Monday, 8 February 2016

Hats Amazing

I've finally been to see Hats Amazing, that latest exhibition at Hat Works. The exhibition allows various seldom-seen items from the museum's collection to have their moment of glory, as every exhibit was chosen from the museum stores, by the staff. It's not just hats, but all sorts of hatting artefacts as well.

One of the first things I spotted was a sewing pattern.

Early 1960s hat pattern

Alongside it were a couple of hats from the era. Although the green one looks as though it could have been made from the pattern, it is actually by Dior.

1950s and 1960s hats, 1970s headscarf on right

Also in the case were some amazing combs.

Combs from the 1800s to the 1930s

The next section contained information about various hatmakers.

Hats and advertising materials

Advertisement for Comach hats

At the bottom was one of my favourite items in the exhibition; a scrapbook assembled by a member of the Comach family, containing newspaper cuttings of various well-known people wearing Comach hats.

The Pinterest of its day!

Exhibits ranged from the large to the relatively small (although some would say, not small enough!). This circa 1950 painting was one of three depicting hatmaking-related jobs; the other two were 'Blocking' and 'Stitching'.

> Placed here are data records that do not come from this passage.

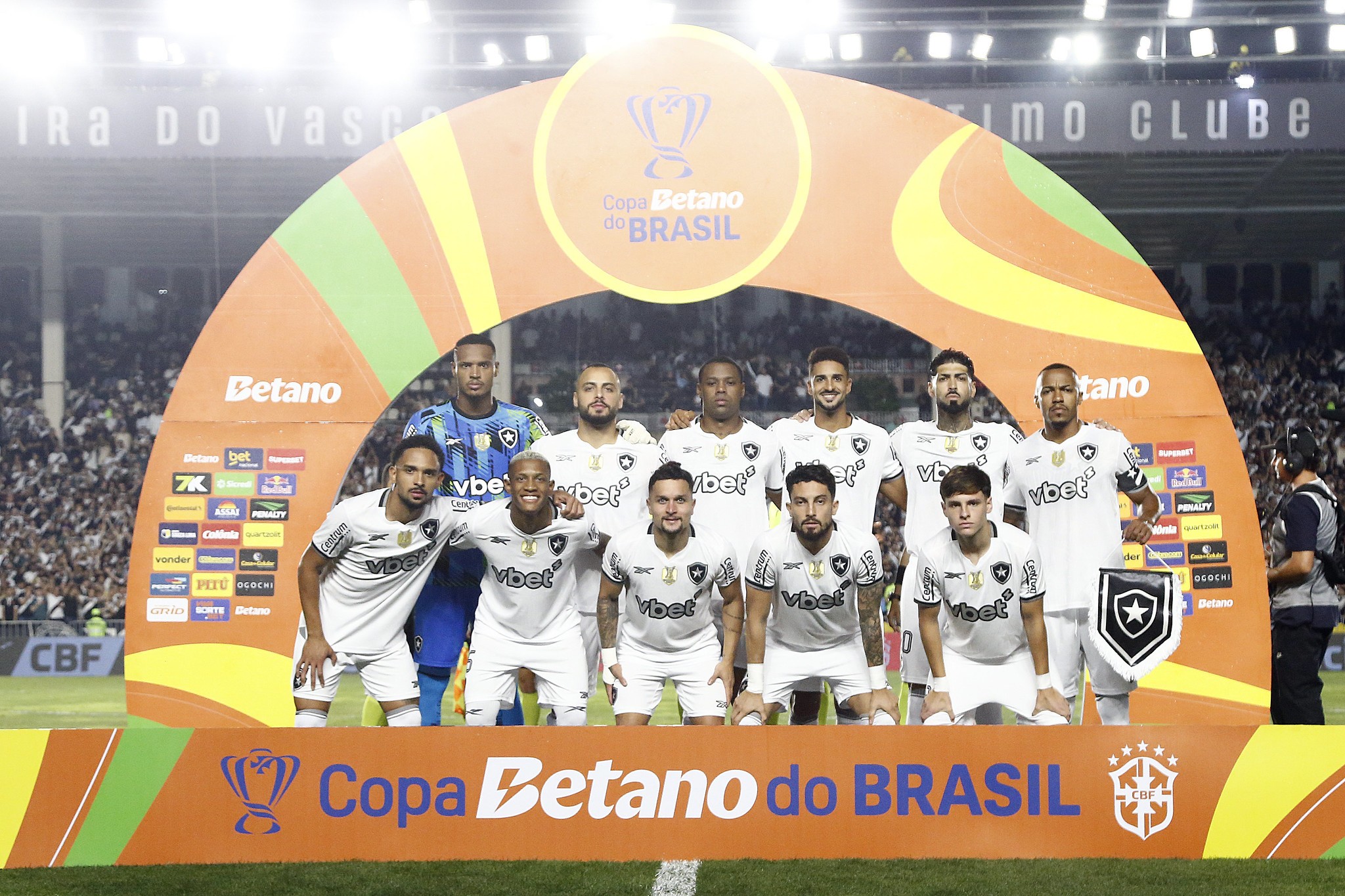 Botafogo garante vaga na Copa do Brasil 2026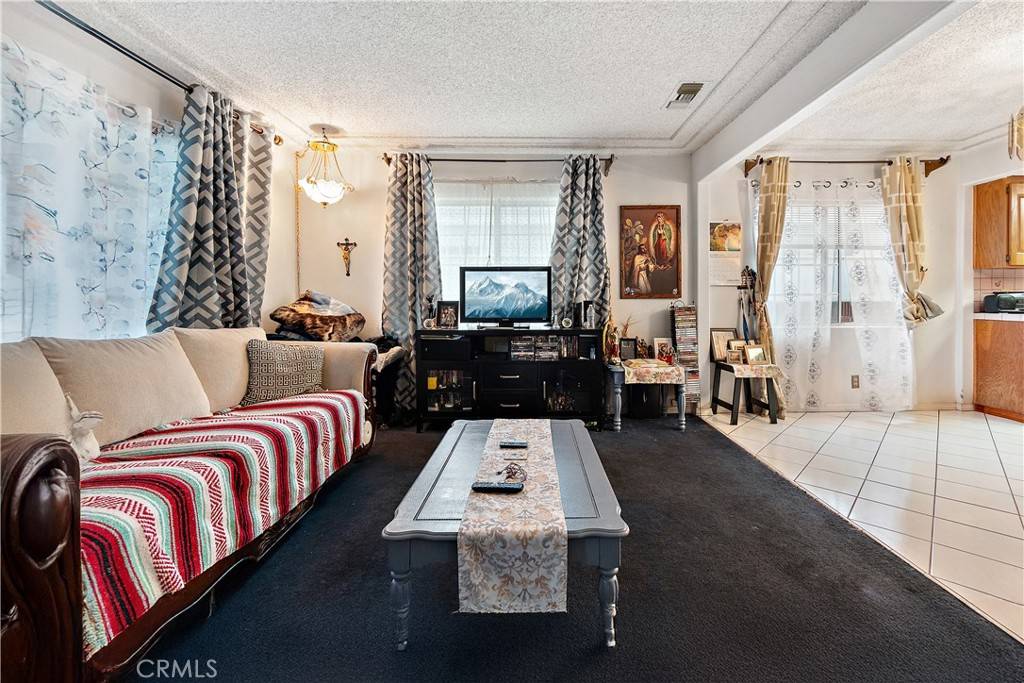 Los Angeles, CA 90022,1517 Simmons AVE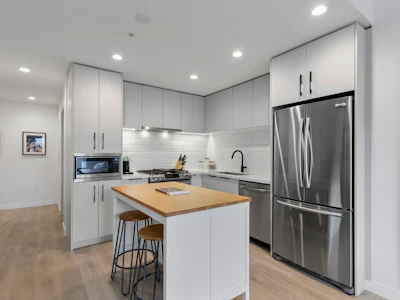 301-3018 St George Street - 2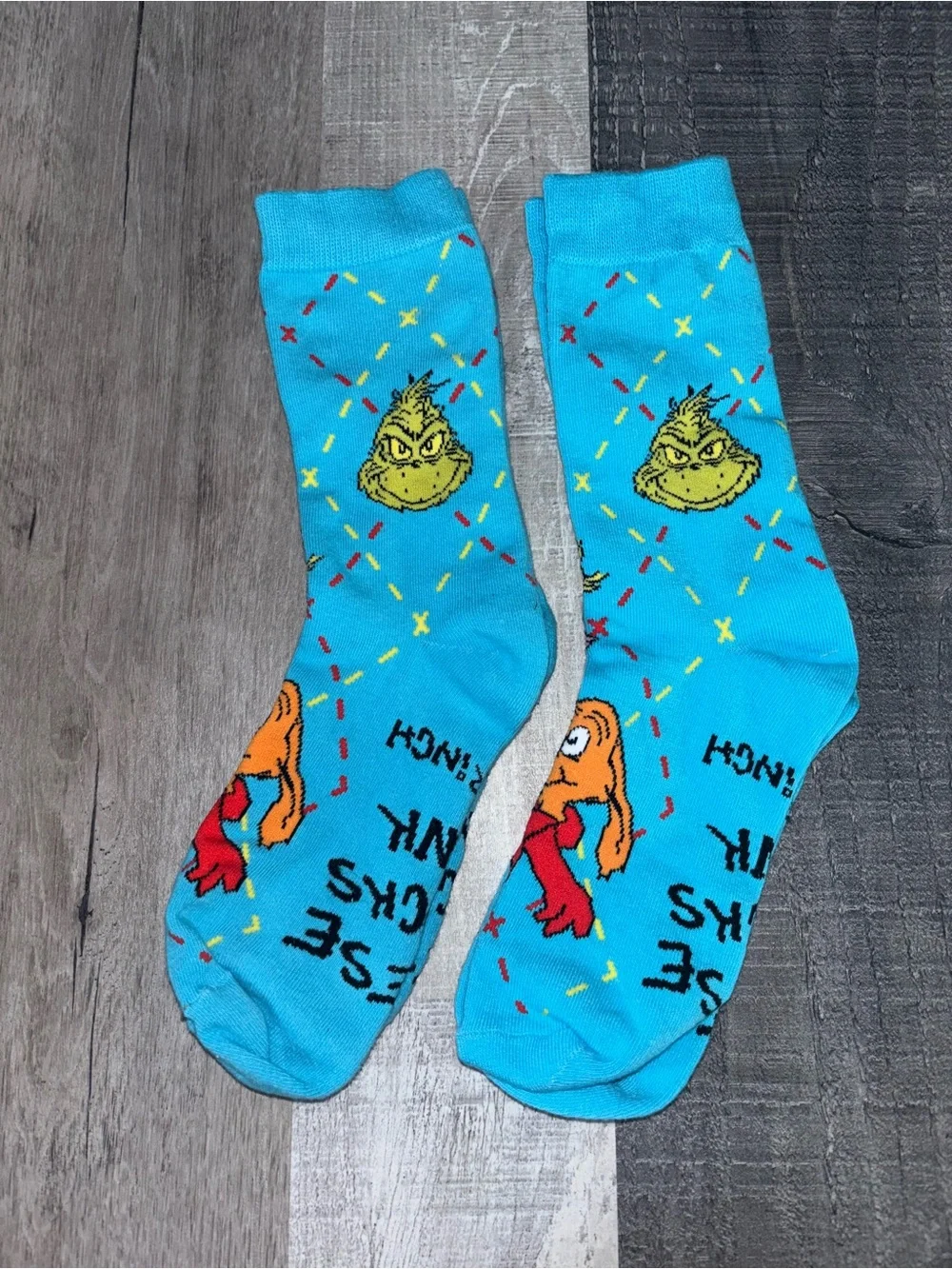💙NEW McDonald's 2 PAIRS Grinch Blue Crew Socks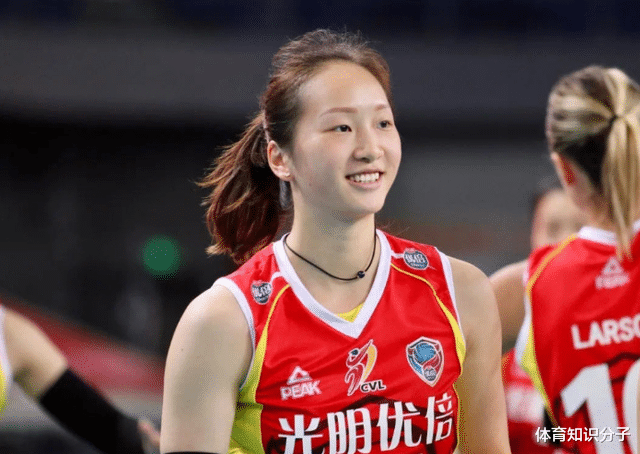 李盈莹|1米8女排黑马主攻突围！意外成李盈莹最佳搭档，主攻人选大变动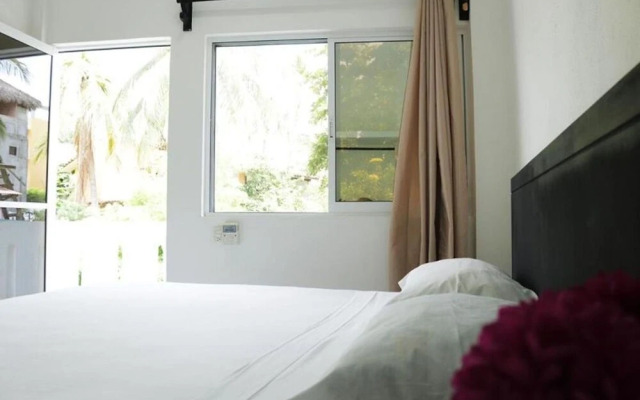 Room in Guest Room - Private Room With King Size bed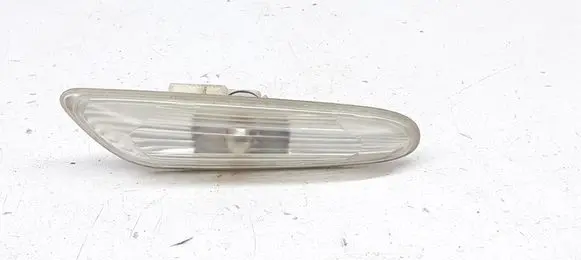BMW 1 E81 E87 Front fender indicator light 6932998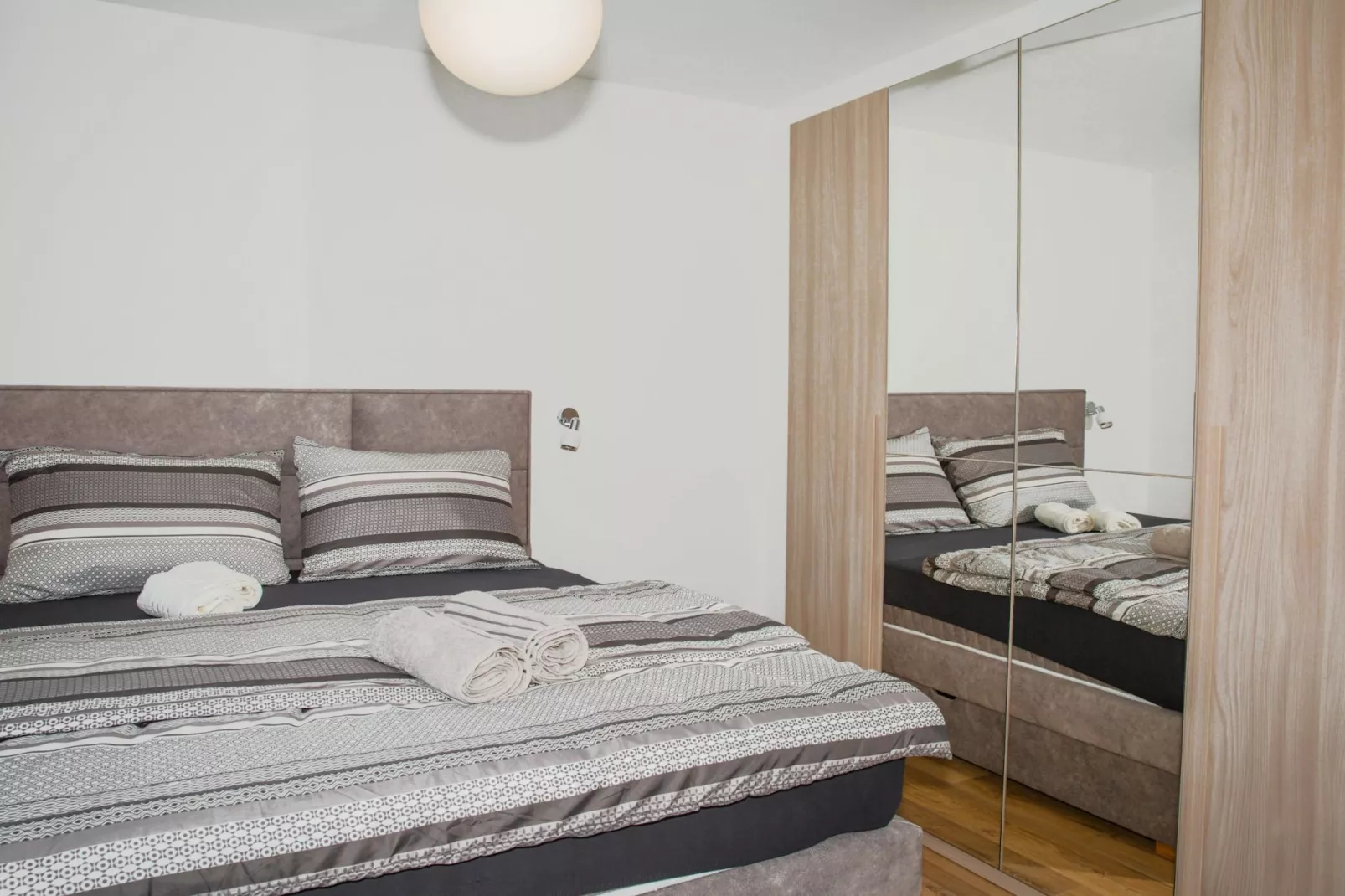 Apartment Matko - Two Bedrom Apartment with Beach View - Slaapkamer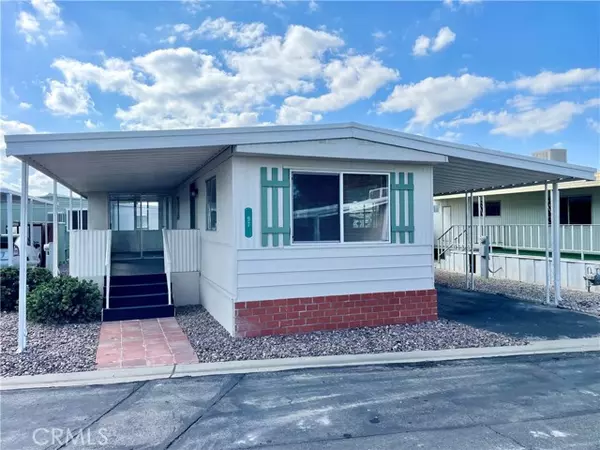 260 N Lyon Avenue #97, Hemet, CA 92543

'Blockmakers' by Amy Browning

Nearby was a display of hatpins. In order to secure massive Edwardian hats, hatpins could be up to 30cm / 12" long; which made them both handy weapons if the need arose, and accidentally lethal.

Hatpins and press reports

There were also plenty of hats in the exhibition; from traditional felted hats . . .

Hats from the 1940s to the 1960s

. . . to more unusual styles.

1940s crocheted hat with snood attached

This collection of hats as part of uniforms included a pith helmet with its own metal hatbox, and reels of the chequered trim used on police hats.

Hats for officialdom

This item features on the exhibition poster, and is a measuring device for made-to-measure hats.

Weird and wonderful

Hats Amazing continues until 19 March 2017, and is well worth a visit.